Dos asuntos: primero, no hay verdadera democracia si no hay cuerpos intermedios (asociaciones, por ejemplo), una estructura asociativa entre lo social y las instituciones. Esto es muy importante porque son lugares donde la gente se puede encontrar y constituirse como un pueblo diferenciado en la pluralidad.
Segundo, ahora es necesario hacer una ruptura con la idea del desencanto. En una época, en la fase de la política ideológica, varios intelectuales afirmaron, contra las ideologías de la izquierda y de la derecha, la necesidad de una pasión por el desencanto weberiano. Pero ahora pienso que repetir este eslogan tiene el riesgo de producir una nueva forma de complicidad con el cinismo político dominante.
Usted no se sumó a la corriente del posmodernismo sino que ha planteado la idea de hipermodernidad, de un tiempo más acelerado y con innovación, del que dice que es un retorno a lo anterior y que lleva al desencanto. En este mundo hipermoderno, ¿qué posibilidades reales de transformación hay?
Creo que la verdadera vuelta no es el pasaje desde lo moderno a lo posmoderno; ya en la primera edición italiana de Poder y secularización (1983) hablé de la hipermodernidad. Después Marc Augé, en su libro sobre los no lugares, escribió que es necesario adoptar el término de surmodernité. Después lo conocí muy bien personalmente y confrontamos nuestros argumentos, convergentes porque en realidad hay una extremización de los problemas y de las contradicciones de algunos elementos patogenéticos de la modernidad.
Este es un punto muy importante: no hay lo posmoderno, sino el pasaje desde la modernidad-nación a la modernidad-mundo. Se trata no de la modernidad occidental sino de una que es múltiple, multilateral. Hay una modernidad en China y en India, pero no es la misma de Europa o de las Américas (estas son una dilatación y extensión de la cultura europea).
Usted destaca que estamos presenciando el fracaso de dos modelos: el asimilacionista republicano y el multiculturalista fuerte. Propone, en cambio, un universalismo de las diferencias.
El asimilacionista republicano universal neutro e indiferenciado es un modelo caníbal: es una asimilación en la que todos somos ciudadanos iguales e indiferenciados. El otro es el de la tolerancia represiva de un país imperial como el Reino Unido: divide et impera. Se trata de guetos contiguos: cada uno tiene su representación y puede gobernarse a su interior, sin mucha comunicación con otros.
Entonces por un lado hay un universalismo indiferenciado y neutro, y por otro hay uno de las diferencias culturales “blindadas”. Mi perspectiva es determinar una política de la traducción entre los diferentes grupos, que en un proyecto político es el punto crucial.

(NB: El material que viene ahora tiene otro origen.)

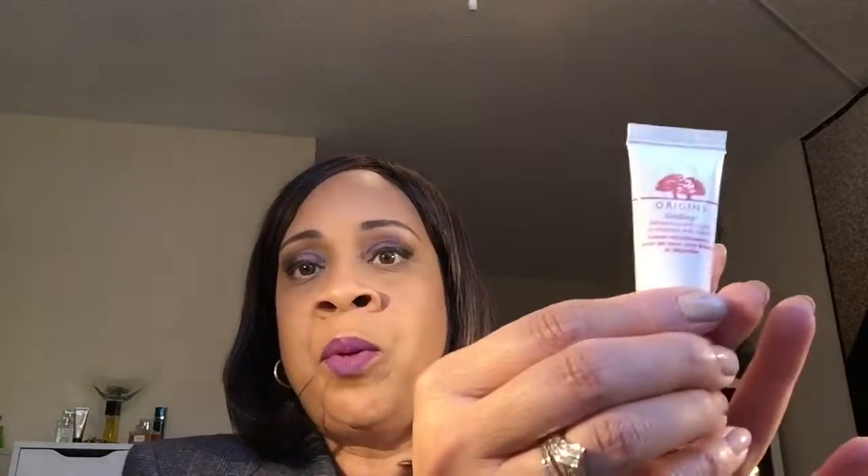To get started, after I washed my face I put my eye cream on first — this is the Origins Ginseng — and then I used my moisturizer which is the SPF 15 from Neutrogena.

No es simplemente el respeto a la diferencia, sino una traducción: ver cómo es posible determinar una interacción entre una historia cultural y otra distinta. También hay que determinar una esfera pública democrática fundada sobre la política de la traducción, con la conciencia clara de que siempre hay elementos que se pierden en ella: lost in translation…
Pero no hay otra vía. En este sentido Europa podría ser un sujeto político importante porque es donde no hay una lengua unificadora. Como dijo Umberto Eco: la verdadera lengua de Europa es la traducción.
Entonces la verdadera lengua del universalismo de la diferencia es la política de la traducción como proyecto político.
Al respecto usted comenta que se requiere una nueva narración del mundo, por lo que hay que hacer una historia de la dominación y de los dominados. ¿Cómo sería este nuevo relato?
Hay, por un lado, la contribución de las narraciones alternativas poscoloniales a partir de Edward Said, Gayatri Spivak, Homi Bhabha, Arjun Appadurai y otros. La cuestión está en la crítica inmanente del concepto filosófico hegeliano y, en parte, marxiano de historia universal. El indio Ranajit Guha, uno de los fundadores de los estudios subalternos, escribió un libro con el significativo título de History at the limit of world-history. ¿Qué pasa en los confines de la historia universal de Hegel y de Marx? Que hay otros viajes y que no es verdad que no hay historia, sino que hay otra historia. De ahí que haya que repensar de modo radical la historia de Occidente.
Las ideas de la fraternidad y la igualdad son occidentales; los indios de Norteamérica no tenían una idea de la amistad en un sentido aristocrático europeo sino en uno “noble”: para ellos el amigo es el otro con el cual tienen que ser siempre sinceros, y no hay engaño en la amistad porque es recíproca. Es la realización del ideal de Spinoza. Por eso es importante reconstruir la historia del otro.
Asimismo, al interior de Occidente existe el problema de la historia de los sin nombre, de los excluidos, de los que no ganaron nunca, de la historia de los oprimidos de Walter Benjamin. Es como cuando Rosa Luxemburgo fundó la Liga Espartaco y decía que era una crítica implícita de la idea de que hay una rebelión solo cuando maduran las condiciones históricas objetivas: Espartaco demostró que hubo una lucha por la libertad, contra la discriminación, contra la opresión, exactamente en la etapa final de la República romana. Entonces en cada momento de la historia es posible la irrupción de la libertad. Esto es un punto muy relevante.
También está la reconstrucción, al interior de la historia universal del Occidente, de un sujeto: el femenino. Las estudiosas de las mujeres plantearon ese problema. Es una historia que no se puede hacer solo con las grandes mujeres, aunque el máximo soberano del mundo moderno fue una de ellas: Isabel I de Inglaterra. Sin embargo, no se puede construir la historia excluyendo a las mujeres que escribían diarios, cartas, que trabajaban, que hacían novelas. La alteridad femenina está en India, en China, en el mundo árabe islámico, y es una historia que no conocemos y que es necesario reconstruir.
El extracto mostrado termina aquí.